Gradually, with months of hard work, the police were able to eliminate each of Wilkinson's fantastic claims. He was an unusually deceitful and imaginative criminal, but he was up against one of the state's most enthusiastic young detectives in Glenn Smith, and in Andrew Waterman one of its most experienced. There was also Rebekkah Craig, who'd been there since the beginning and provided valuable continuity—although the investigation went on so long that she was to go on maternity leave twice. Wilkinson continued to confuse and sometimes baffle with his weird statements, but at the end of the day he was only one man, while those opposing him were many: Strike Force Bergin was backed by one of the largest and best-resourced police forces in the world. Paul Wilkinson had got away with an awful lot in his life, but it was all about to catch up with him.

For over a year Geoff Lowe had been asking his superiors for an official threat assessment of the risk posed by Wilkinson, making a pest of himself, he felt, and the experience added to his stress. He'd never been particularly self-assertive, never one for pushing himself forward or even fighting his own battles. Having to take on his superiors was an entirely new experience, and an unhappy one. His sense of the camaraderie of the police service began to weaken. Given its previous importance in his life, he found this unsettling.

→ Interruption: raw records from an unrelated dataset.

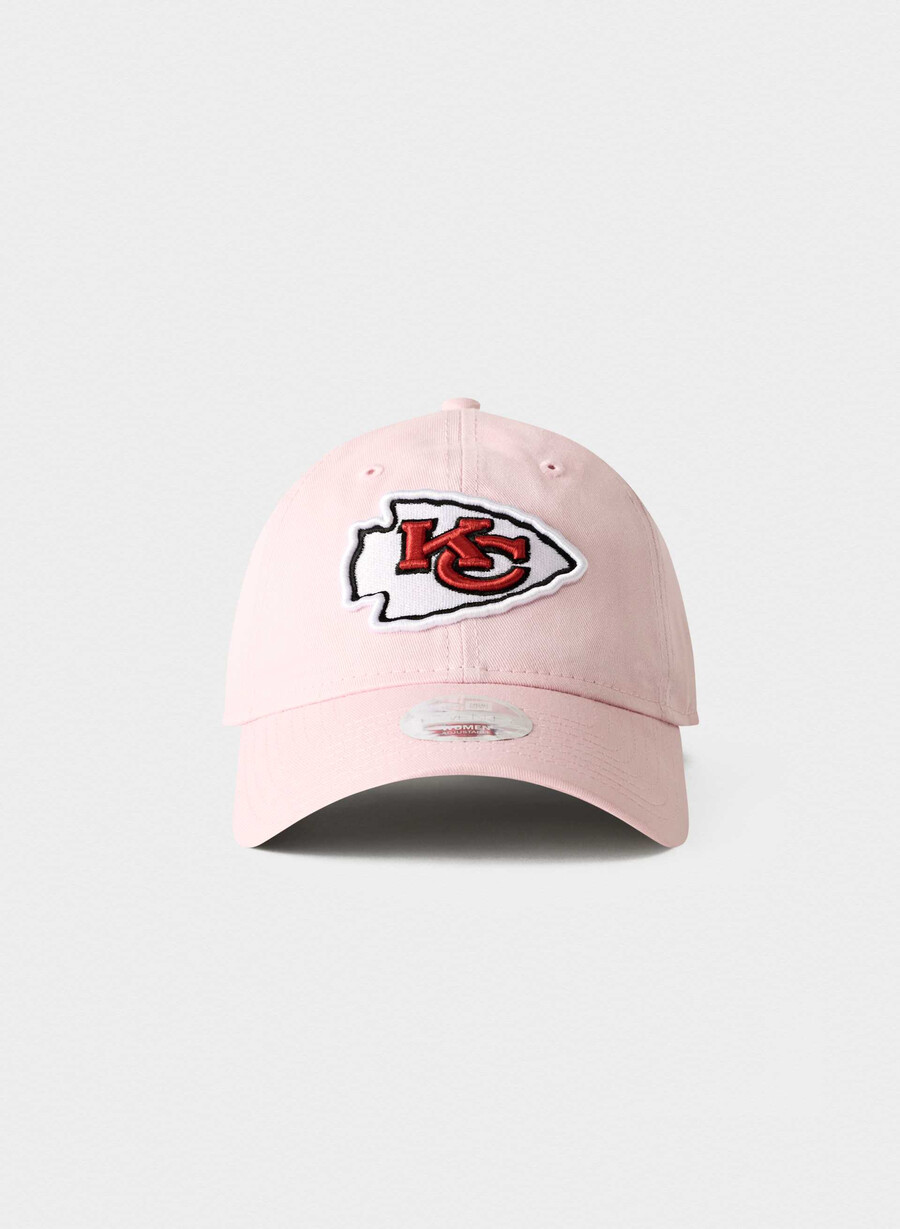 new era kansas city chiefs 9twenty hat mochi pinkmulti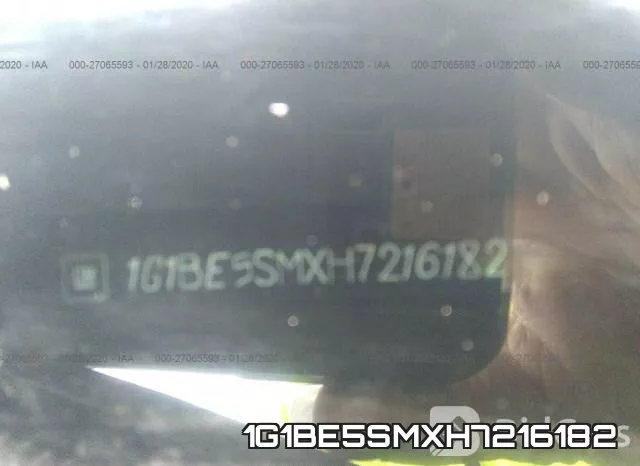 1G1BE5SMXH7216182 фото 10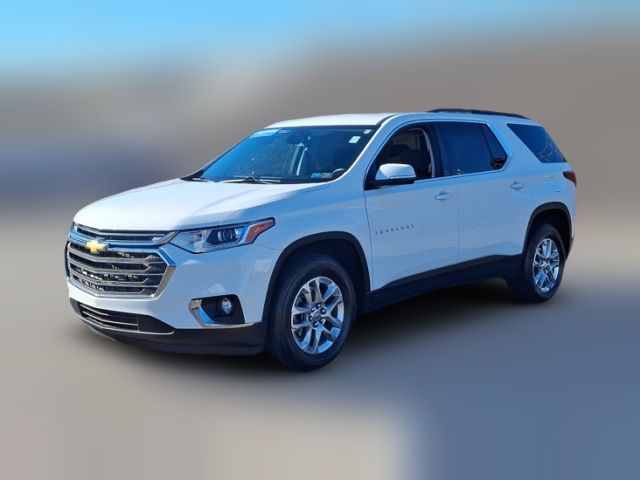 2021 Chevrolet Traverse LT Cloth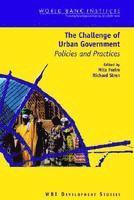 Mila Freire, Mila Freire, Richard Stren, Maria Emilia Freire - Challenge of Urban Government, Häftad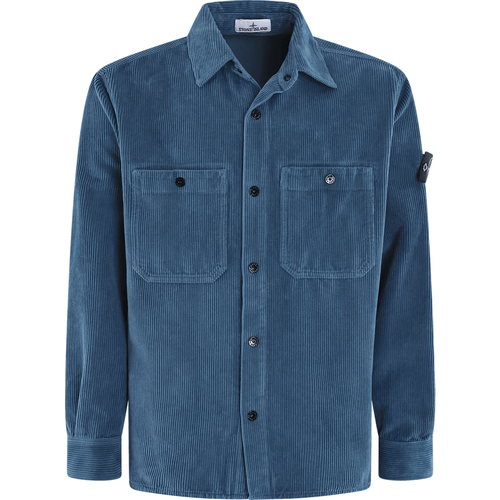 Heren Shirts - Größe L - Stone Island - Modalova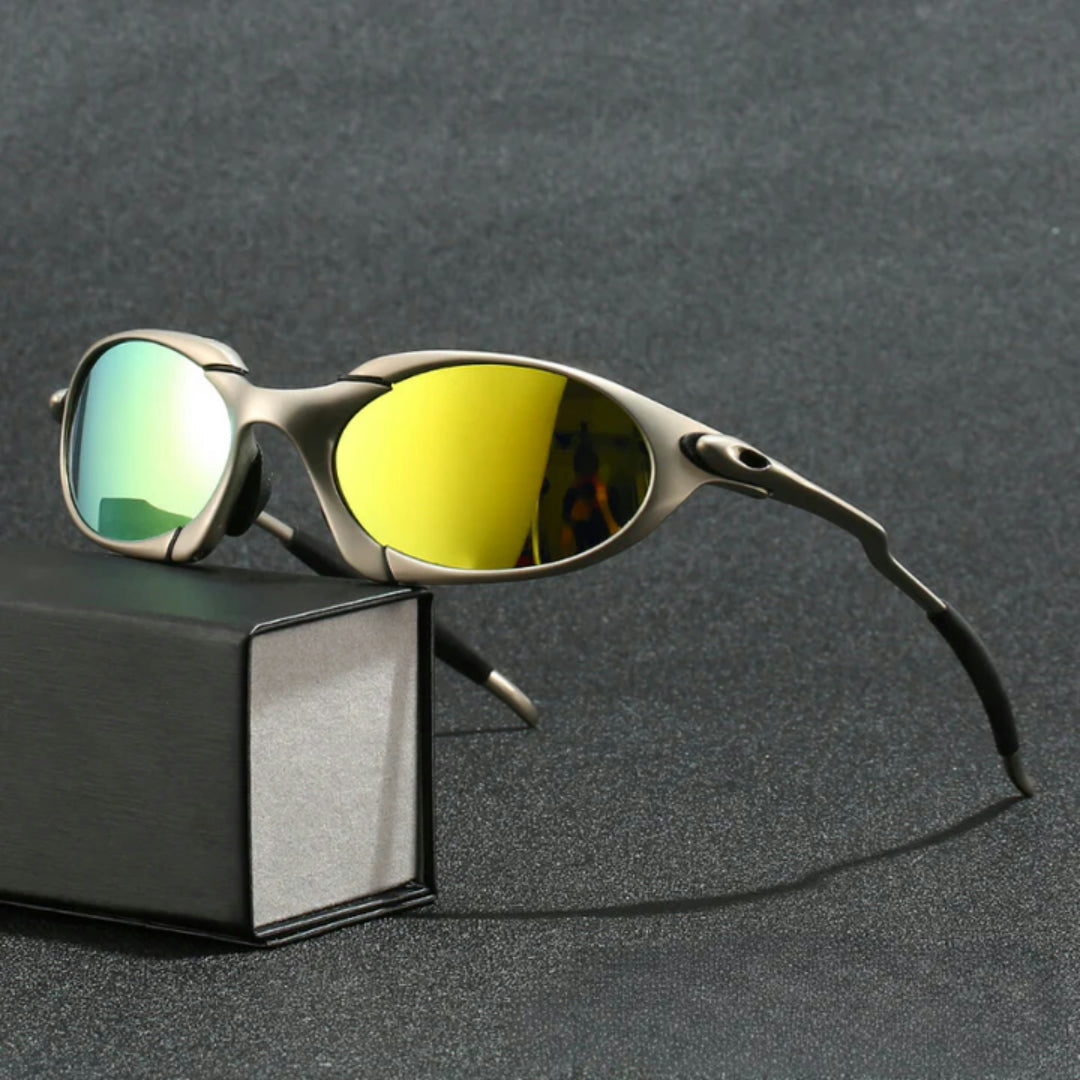 Men's Sports Sunglasses Polarized UV400 Titanium Frame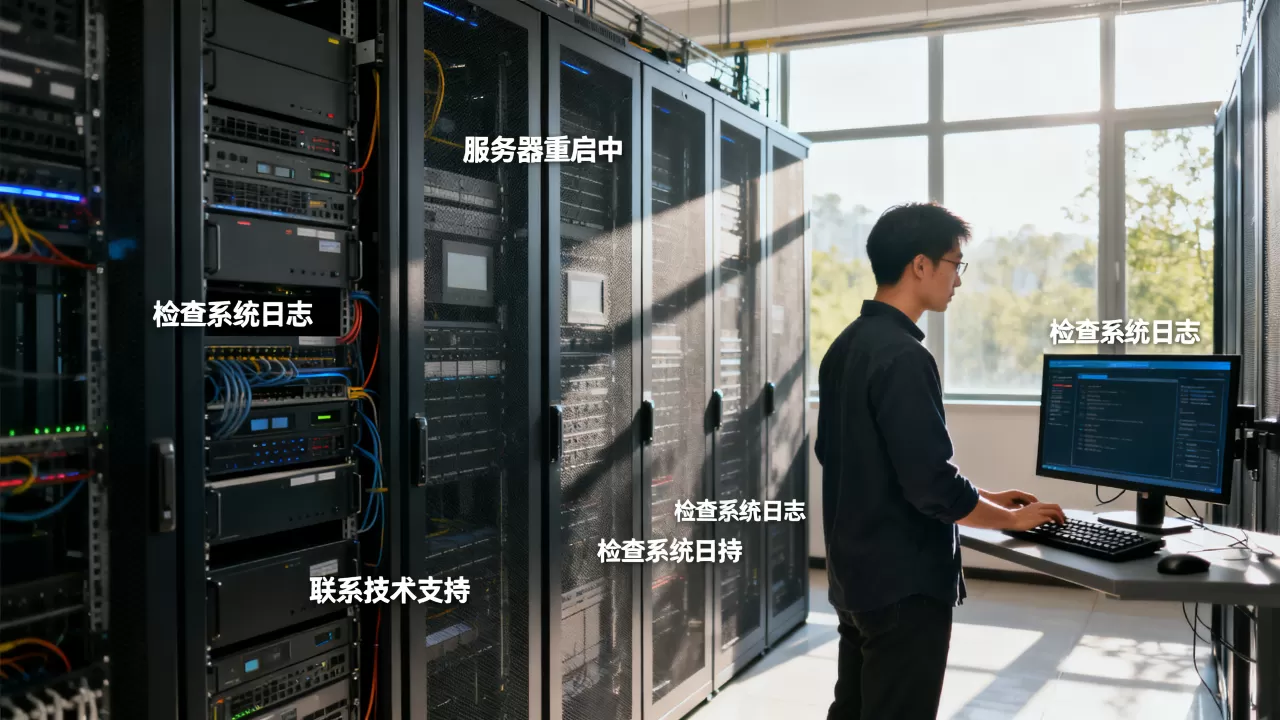 公司服务器重启要多久，服务器重启时间过长怎么办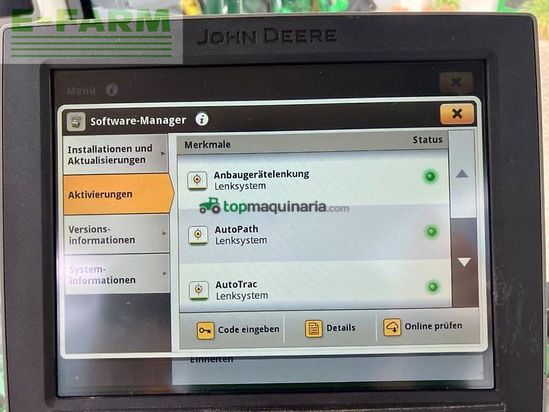 Tractor agrícola - John Deere - 7r 330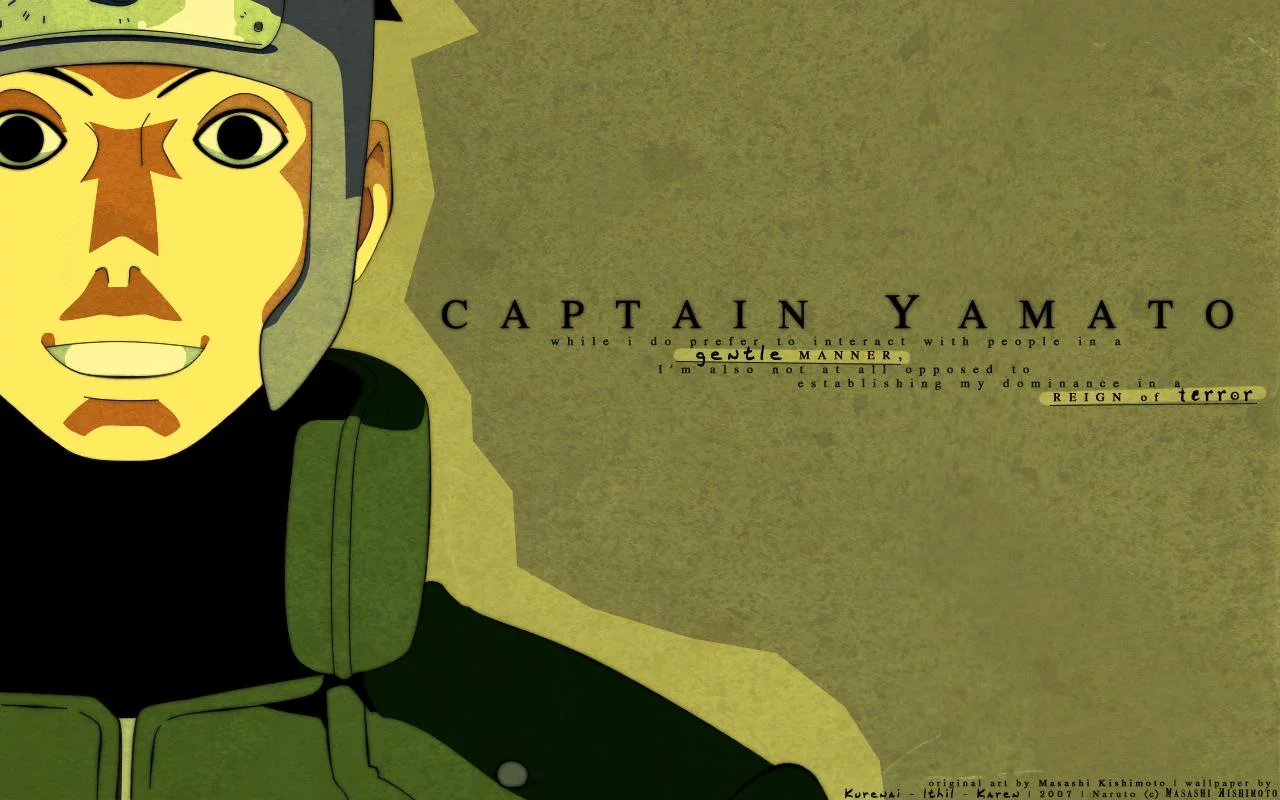Free Download Simplistic Naruto Yamato Wallpaper Page 1446845 (1280 x 800)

The formal risk assessment was finally done in September 2006, and it was a disappointment. Geoff says it involved ticking boxes on a form, the process taking just five minutes. By this stage, the Lowes had moved to Helensburgh, so Wilkinson no longer knew where they lived. Partly for that reason, the threat was assessed as low. Despite the fact that the police force had now recognised that Geoff's wife had been stalked by a suspected murderer who had an obsessive hatred of her husband, nothing was done. Geoff says no senior officer ever approached him or Sue to talk about what they were going through.

By the end of 2006, Sue was pregnant and the couple could not afford two houses. They sold Loftus in a depressed property market. It was the latest blow in Paul Wilkinson's secret war against Geoff Lowe.

In August 2006, a year after he'd taken over the investigation, Glenn Smith made a big decision: at last there was enough evidence to charge Paul Wilkinson. The general case was that Kylie had been gone for over two years, and the only plausible explanation was that Wilkinson had killed her: Smith and Craig believed they now had enough evidence to disprove any other probability.

The next step involved writing a ‘sufficiency of evidence' document, which, with other material, ran to several hundred pages. It was a huge job. Smith and Craig used the strike force room on the second floor of Gosford Police Station and covered three whiteboards with lists of the evidence that needed to go into the document. Andrew Waterman dropped by to look at what they had and suggested some other things that were needed, so even more evidence was obtained. Finally, it was ready.

What they had was a circumstantial case based on a hypothesis. Following the discovery of Kylie's pregnancy, they believed, Wilkinson had told her he would leave his family and move to Dubbo to live with her. She had left home on 28 April 2004 with the intention of meeting him at Sutherland Railway Station, from where they would travel to Dubbo. Wilkinson had met her at the station, and then killed her and disposed of her body at places unknown.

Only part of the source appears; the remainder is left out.